If you work at an agency, chances are you hear the terms “disruptive,” “content” and “surprise and delight” a lot. But these jargony buzzwords can often leave a newcomer feeling like a deer in headlights.
That was Sam Bartos’s experience, anyway. A copywriter at MRY in New York, Bartos has been working in the agency business for a little over a year. There was a steep learning curve. So he decided to do some public service by helping his fellow agency rookies with a blog that addresses the most mundane facts of agency life with a dash of cheeky skepticism.
Called “Junior,” Bartos’s blog is a platform for him “to make fun of a life spent working in advertising.” It’s about the lessons he’s learned, the jargon he’s had to decode and a place for him to poke some fun at agency world rituals.

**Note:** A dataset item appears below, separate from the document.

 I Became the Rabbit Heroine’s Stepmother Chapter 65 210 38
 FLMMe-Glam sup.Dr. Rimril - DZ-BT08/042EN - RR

“I wanted to highlight all the patterns, rituals and things that we sort of become desensitized to in the agency business over time, and reveal the humorous side of what we take to be the accepted truths,” he told Digiday. “It’s insider baseball kind of humor, just a fun way to come to terms with the norms of the industry.”
Launched this week, Bartos’s blog features an “Ad Agency Bingo,” his take on the game with all the possible terms you would encounter over the course of a day. Print it out and circle a box whenever you come across one of the following.
There’s also an “Ad Agency Horoscope” that predicts your future depending upon your role in an agency. So if you’re a project manager, you should brace yourself to be blamed for titanic failures that you are in no way responsible for. And if you’re an account executive, skipping meetings is both your biggest strength and your biggest weakness.
And if you want to make some extra cash to supplement your sorry agency salary or save some money, Bartos suggests subsisting solely on agency food (something he himself once attempted — and failed — to do) and opting out of health insurance.